Notes from the Trough

I just spent the last half hour preparing a loaf of banana bread, on the basis that it would be a crime to throw away three perfectly good but over-ripe bananas. By the time you’ve added the cost of the other ingredients, the gas for the oven and the woman-hours, I agree I probably should just have dinged them in the trash can and cut my losses but, well, it is Sunday afternoon.

The recipe I used was one of my mother’s and so used archaic weights and measures like ounces and gills, so I needed conversion tables as well as a bionic arm to cream the butter and sugar to a state of light fluffitude. Which got me thinking about said mother, and how, when I was a little girl and she was baking a cake, my job was to scrape out the bowl and lick the spoon clean of that yummy uncooked cake mixture. 
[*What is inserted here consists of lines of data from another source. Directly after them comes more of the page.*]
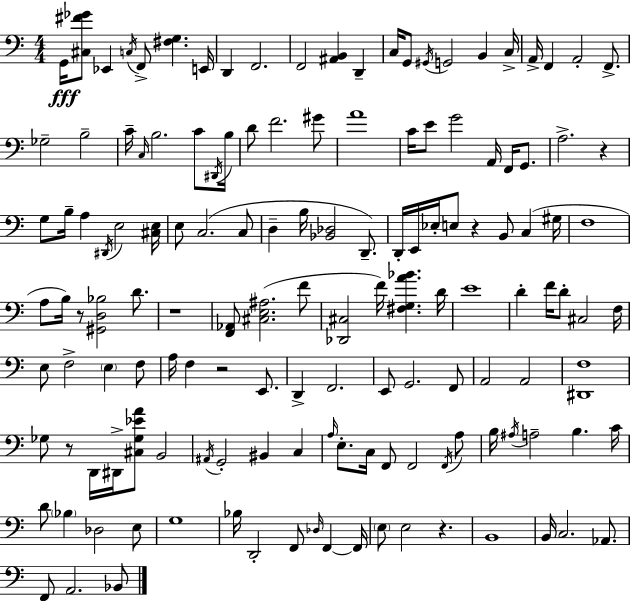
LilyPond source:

{
  \clef bass
  \numericTimeSignature
  \time 4/4
  \key c \major
  g,16\fff <cis fis' ges'>8 ees,4 \acciaccatura { c16 } f,8-> <fis g>4. | e,16 d,4 f,2. | f,2 <ais, b,>4 d,4-- | c16 g,8 \acciaccatura { gis,16 } g,2 b,4 | \break c16-> a,16-> f,4 a,2-. f,8.-> | ges2-- b2-- | c'16-- \grace { c16 } b2. | c'8 \acciaccatura { dis,16 } b16 d'8 f'2. | \break gis'8 a'1 | c'16 e'8 g'2 a,16 | f,16 g,8. a2.-> | r4 g8 b16-- a4 \acciaccatura { dis,16 } e2 | \break <cis e>16 e8 c2.( | c8 d4-- b16 <bes, des>2 | d,8.--) d,16-. e,16 ees16-. e8 r4 b,8 | c4( gis16 f1 | \break a8 b16) r8 <gis, d bes>2 | d'8. r1 | <f, aes,>8 <cis e ais>2.( | f'8 <des, cis>2 f'16) <fis g a' bes'>4. | \break d'16 e'1 | d'4-. f'16 d'8-. cis2 | f16 e8 f2-> \parenthesize e4 | f8 a16 f4 r2 | \break e,8. d,4-> f,2. | e,8 g,2. | f,8 a,2 a,2 | <dis, f>1 | \break ges8 r8 d,16 dis,16-> <cis ges ees' a'>8 b,2 | \acciaccatura { ais,16 } g,2-. bis,4 | c4 \grace { a16 } e8.-. c16 f,8 f,2 | \acciaccatura { f,16 } a8 b16 \acciaccatura { ais16 } a2-- | \break b4. c'16 d'8 \parenthesize bes4 des2 | e8 g1 | bes16 d,2-. | f,8 \grace { des16 } f,4~~ f,16 \parenthesize e8 e2 | \break r4. b,1 | b,16 c2. | aes,8. f,8 a,2. | bes,8 \bar "|."
}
Kids don’t get to do that any more. I know this because my oldest daughter is a great baker but her children belong to a generation that aren’t allowed to eat uncooked egg. Not only that. They’re not permitted to take home-baked goods to school on say, their birthday, for their classmates to eat during morning break because there may be somebody who has an allergy, or has read about allergies. Or is thinking of developing an allergy. 

Excuse me madam, can you guarantee that this banana loaf contains no trace of nuts?

Hey, I can’t even guarantee that my banana loaf hasn’t had contact with the floor.

Sure smells good, though. Oink, oink.